Ja, mehr Beteiligung – über Tarifkommissionen und Urabstimmungen hinaus – ist sicher notwendig, um Gewerkschaften besser aufzustellen und schlagkräftiger zu machen. Mehr Mitsprache bedeutet, dass die Kenntnisse und Fähigkeiten der Menschen umfassend einfließen. Und wer aktiv ist, umfassend informiert und verstärkt an strategischen Entscheidungen beteiligt wird, übernimmt auch Verantwortung für strategische Entscheidungen – das kann so auch die Geschlossenheit im Kampf stärken.
Geschieht nicht derzeit auch viel innerhalb der Gewerkschaften?
Eingeschliffene Routinen sind oft beharrlich, aber es gibt aktuell starke Bewegungen, in denen viel Neues erprobt wird. In die Tarifauseinandersetzungen im öffentlichen Dienst geht Verdi mit neuen Streikformen und mit neuem Schwung.

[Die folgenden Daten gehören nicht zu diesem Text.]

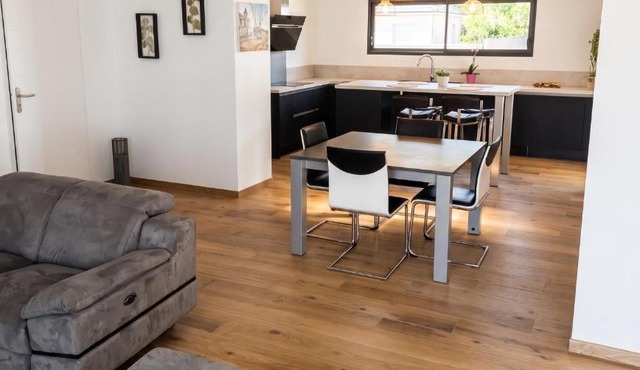 Maison Chaleureuse et climatiser à Aressy avec terrasse - 95 m²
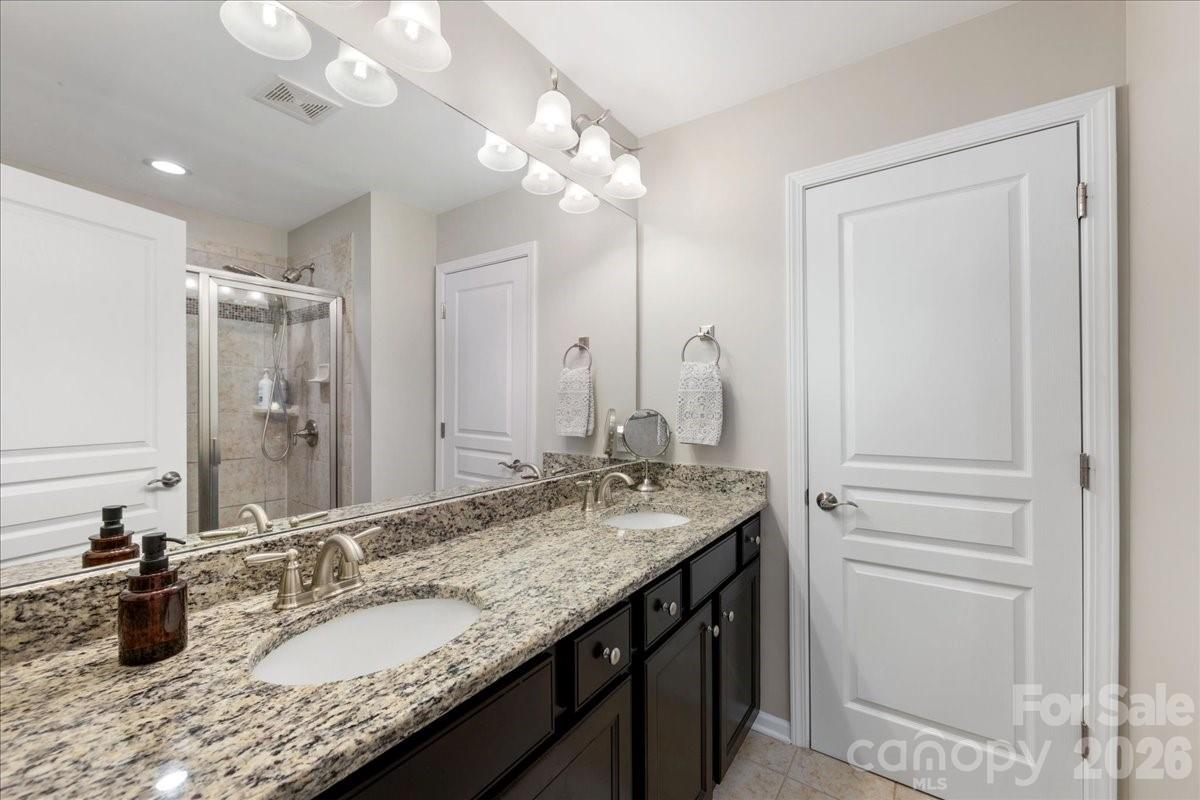 2434 Royal York Avenue — Charlotte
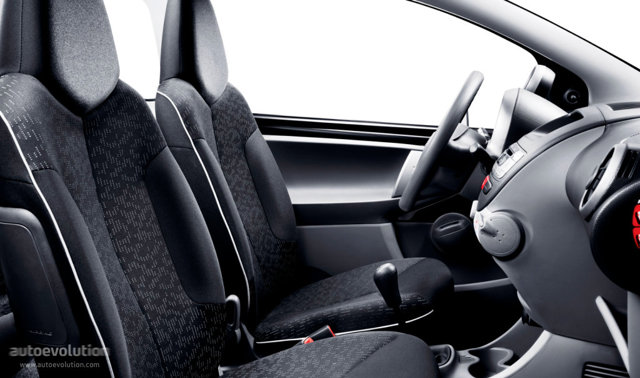Peugeot 107 3 Doors photo 13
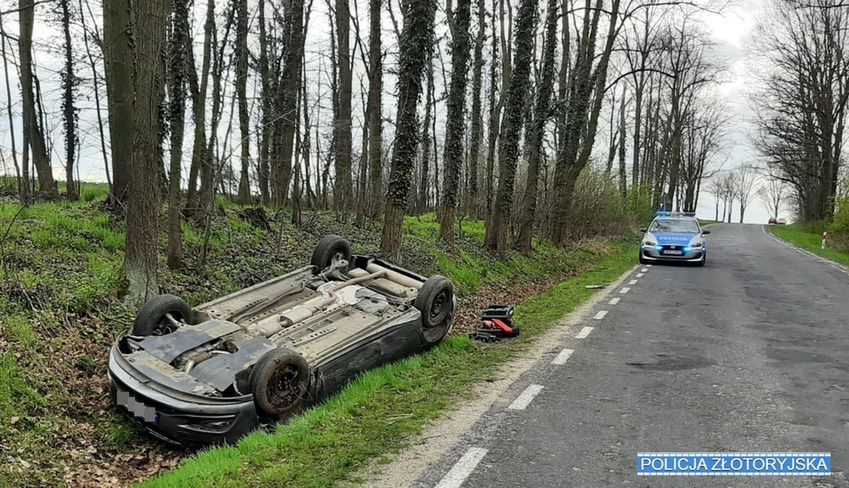 Złotoryja. Zwolnij, szkoda życia. Kobieta z 2-letnim dzieckiem w szpitalu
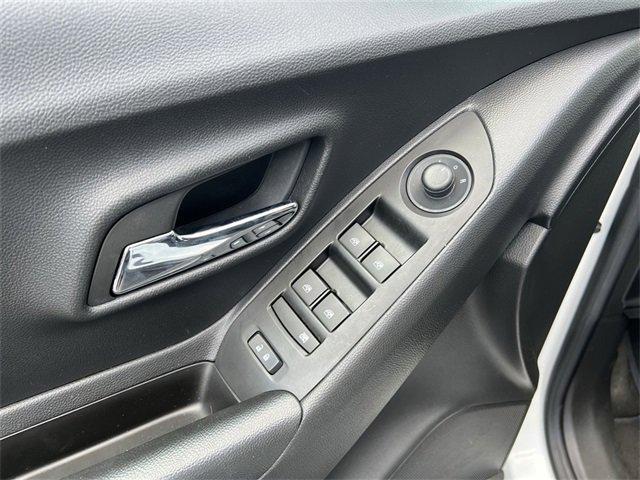 used 2022 Chevrolet Trax car, priced at $18,995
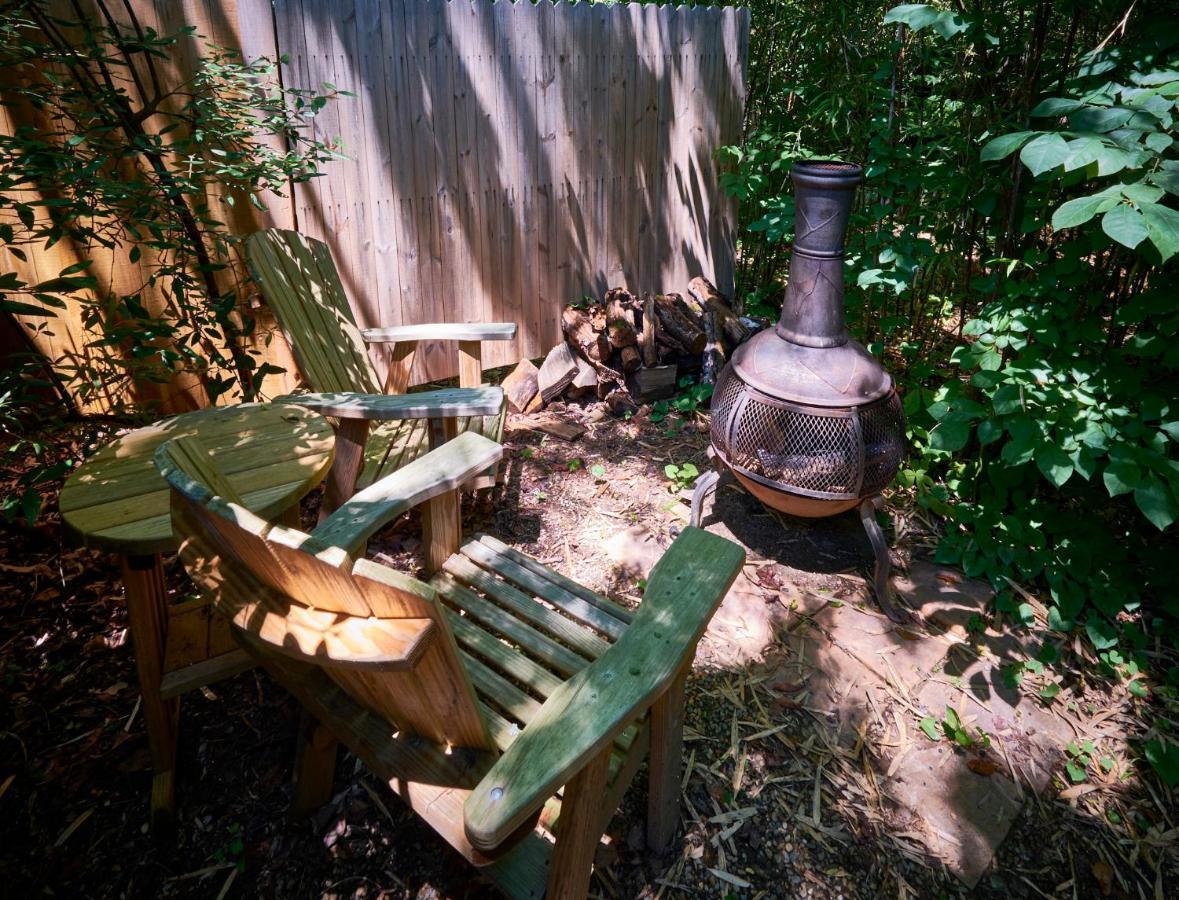 Creekwalk Inn Bed And Breakfast With Cabins Cosby Esterno foto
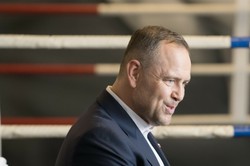 Węgierska prasa: Prezydentura Nawrockiego jeszcze bardziej podzieli Polaków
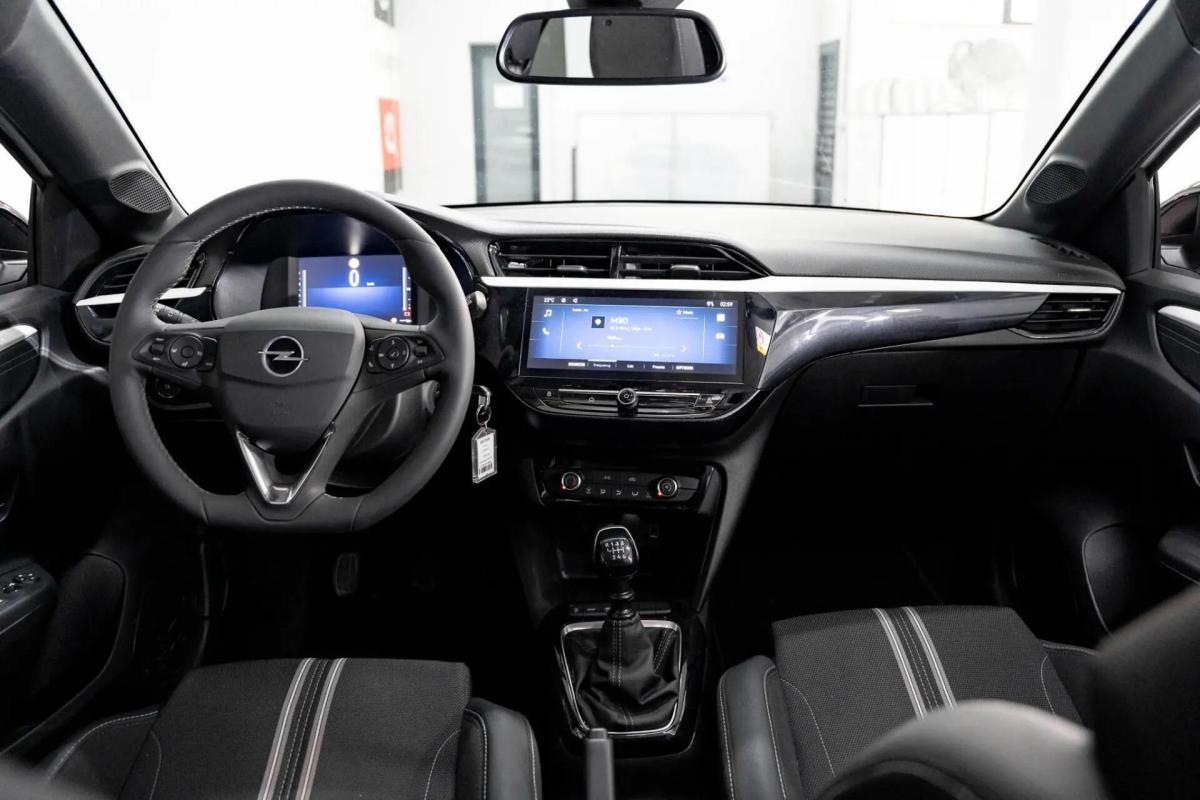 opel-corsa-2025-gasolina-1199cc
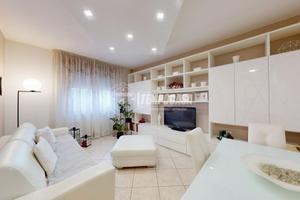 RIF.: A012 - Appartamento ristrutturato con ampio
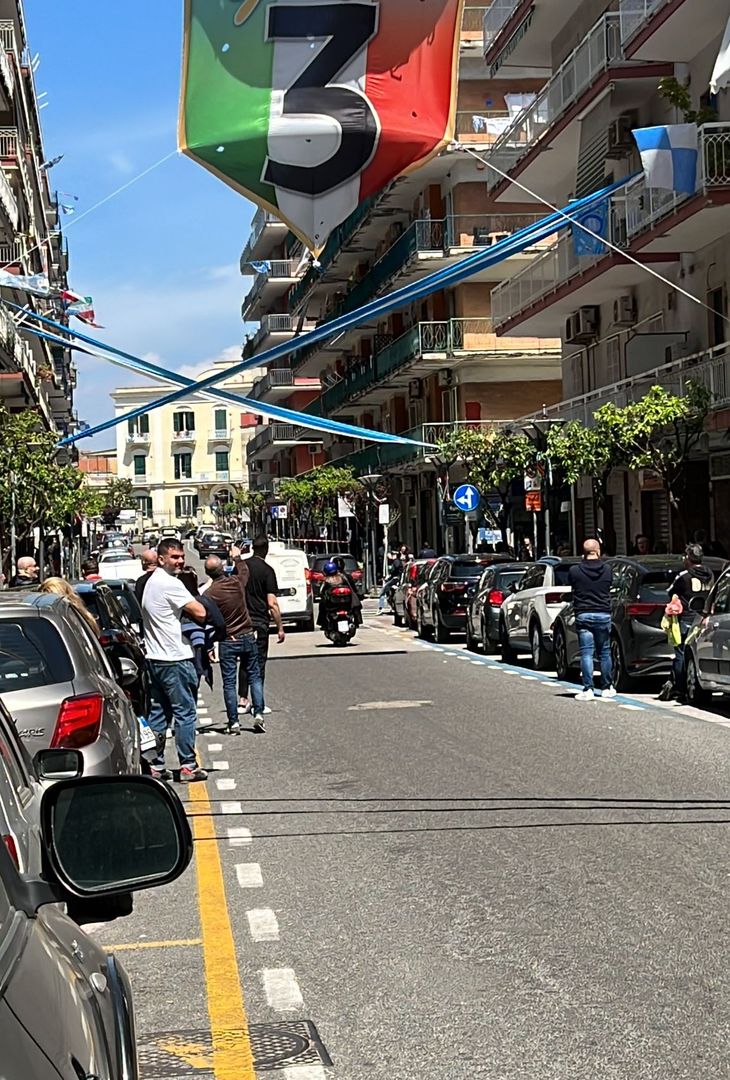 GALLERY Portici in festa: esposto un enorme striscione dopo la sconfitta della Lazio - immagine 3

Und mit ersten Erfolgen übrigens: Die derzeitige Streikwelle bescherte Verdi in diesem Jahr bereits über 45 000 neue Mitglieder.
Gibt es auch in anderen Gewerkschaften solche Erneuerungsversuche?
Aktuell sehr beeindruckend ist die EVG, die einst die Privatisierung der Deutschen Bahn (DB) mitgetragen hat und heute eine offensive Tarifrunde führt. Sie verhandelt nicht nur mit der DB, sondern synchron mit allen weiteren Bahnunternehmen. Wenn die Beschäftigten hier einheitliche Standards durchsetzen, drehen sie die Zerschlagung der Tarifverträge der letzten Jahrzehnte zurück und stärken ihre kollektive Macht erheblich.
Auch die Organizing-Debatte, die Fragen aufwirft, wie man sich neu organisieren kann, um Arbeitskämpfe erfolgreich zu führen, ist mittlerweile in allen Gewerkschaften angekommen. Die IG Metall gehört mit ihren bezirklichen Erschließungsprojekten zu den Vorreitern und hat damit Organizing in ihrer regulären Gewerkschaftspraxis verankert.